C’est donc la frustration que ressent avant tout Kumiko en commençant à courir et à répéter par la
pensée et en voix-off « je veux m’améliorer », en utilisant donc ses jambes (chez Naoko Yamada, la
réalisatrice de la série, les jambes expriment très souvent ce que le reste du corps préfère cacher – ici
par un sourire), puis, n’en pouvant plus par la voix. C’est donc ici l’expression de son soi profond qui
vient alors éclore, crié depuis le pont. Si la séquence tourne à la comédie lorsque le tromboniste finit
aussi par crier, elle permet néanmoins d’enlever le poids de la solitude à Kumiko : elle n’est pas la seule
à le ressentir. Et c’est en se souvenant des mots de Reina, alors qu’elle venait de prononcer les mêmes
mots, que sa solitude disparaît complétement : en comprenant Reina, elle se comprend elle-même,
parce qu’elle passe par le même chemin que la trompettiste avait tracé avant elle.

Cette séquence est fondamentale dans le parcours de Kumiko tout au long de la série : si elle
commence assez passive et détachée (ce que lui font remarquer ses camarades), plus vraiment
motivée pour la musique, la première saison de la série est un apprentissage de la passion, où Kumiko
apprendra à aimer la musique et aimer l’euphonium, ce qu’elle dira à sa sœur dans la séquence
suivante.
C’est cette idée d’expression de son soi profond qui est assez intéressante, et dont on trouve des échos
dans l’ensemble du corpus.
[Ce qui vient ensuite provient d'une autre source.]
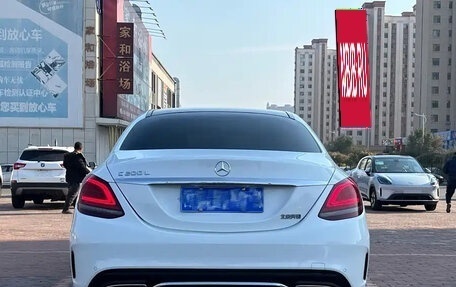 Mercedes-Benz C-Класс, 2021 год, 2 144 027 рублей, 5 фотография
Ainsi, dans la série Monogatari (Shaft, 2009-2017), le personnage mentor
d’Oshino Meme a pour phrase clef « Toi seul peut te sauver », dont l’idée serait que la réalisation
fondamentale de ses problèmes ne pourrait être résolue que par soi-même.

Cette idée est très présente dans le manga shojo, comme l’idée que c’est cette réalisation de son soi
profond qui conduit à une métamorphose interne du personnage, comme il est ici le cas de Kumiko. Si
son origine peut être conduit jusqu’à Osamu Tezuka, qui était fasciné par les transformations de
chrysalide en papillon, elle traverse toute la narration du manga et de l’animation, qu’elle soit interne
(plus souvent dans le cas du shojo, pour jeunes filles) ou externe (plus souvent dans le cas du shonen,
pour jeunes garçons). Elle est une thématique courante de ce genre de récit, car féconde dans l’idée
du récit d’initiation. Si elle est parfois parasitée ou déformée (comme dans certains cas de
Monogatari), elle est un élément narratif distinct de l’animation japonaise.